| Work to be completed |
Copy exactly the line that contains "AIC.（エーアイシー）の「" plus all remaining lines of the data, and leave out every line before it.

| Records from a data source |
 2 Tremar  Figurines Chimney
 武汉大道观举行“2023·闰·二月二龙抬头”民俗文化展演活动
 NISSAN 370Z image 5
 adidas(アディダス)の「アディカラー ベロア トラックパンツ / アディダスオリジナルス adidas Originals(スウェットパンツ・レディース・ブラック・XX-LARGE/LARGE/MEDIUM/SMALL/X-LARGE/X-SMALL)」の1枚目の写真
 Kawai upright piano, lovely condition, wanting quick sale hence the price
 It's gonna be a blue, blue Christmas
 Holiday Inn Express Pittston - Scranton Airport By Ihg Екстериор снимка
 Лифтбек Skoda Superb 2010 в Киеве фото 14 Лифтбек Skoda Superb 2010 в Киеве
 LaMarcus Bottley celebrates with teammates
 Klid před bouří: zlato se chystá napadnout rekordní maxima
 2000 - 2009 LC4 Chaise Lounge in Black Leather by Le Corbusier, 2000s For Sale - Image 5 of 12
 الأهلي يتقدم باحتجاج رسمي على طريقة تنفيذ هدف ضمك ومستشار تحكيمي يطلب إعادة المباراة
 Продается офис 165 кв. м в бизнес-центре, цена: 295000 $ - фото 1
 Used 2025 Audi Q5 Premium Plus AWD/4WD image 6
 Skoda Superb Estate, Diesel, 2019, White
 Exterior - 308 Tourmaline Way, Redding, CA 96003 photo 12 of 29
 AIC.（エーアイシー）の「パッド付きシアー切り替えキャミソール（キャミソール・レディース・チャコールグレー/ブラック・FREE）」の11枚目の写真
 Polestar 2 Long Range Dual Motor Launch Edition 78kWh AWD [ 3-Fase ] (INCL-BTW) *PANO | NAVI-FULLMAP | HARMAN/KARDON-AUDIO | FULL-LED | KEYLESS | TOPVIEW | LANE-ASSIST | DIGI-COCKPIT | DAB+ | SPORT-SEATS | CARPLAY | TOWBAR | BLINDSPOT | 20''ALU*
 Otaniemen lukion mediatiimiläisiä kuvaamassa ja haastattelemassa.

| Output |
 AIC.（エーアイシー）の「パッド付きシアー切り替えキャミソール（キャミソール・レディース・チャコールグレー/ブラック・FREE）」の11枚目の写真
 Polestar 2 Long Range Dual Motor Launch Edition 78kWh AWD [ 3-Fase ] (INCL-BTW) *PANO | NAVI-FULLMAP | HARMAN/KARDON-AUDIO | FULL-LED | KEYLESS | TOPVIEW | LANE-ASSIST | DIGI-COCKPIT | DAB+ | SPORT-SEATS | CARPLAY | TOWBAR | BLINDSPOT | 20''ALU*
 Otaniemen lukion mediatiimiläisiä kuvaamassa ja haastattelemassa.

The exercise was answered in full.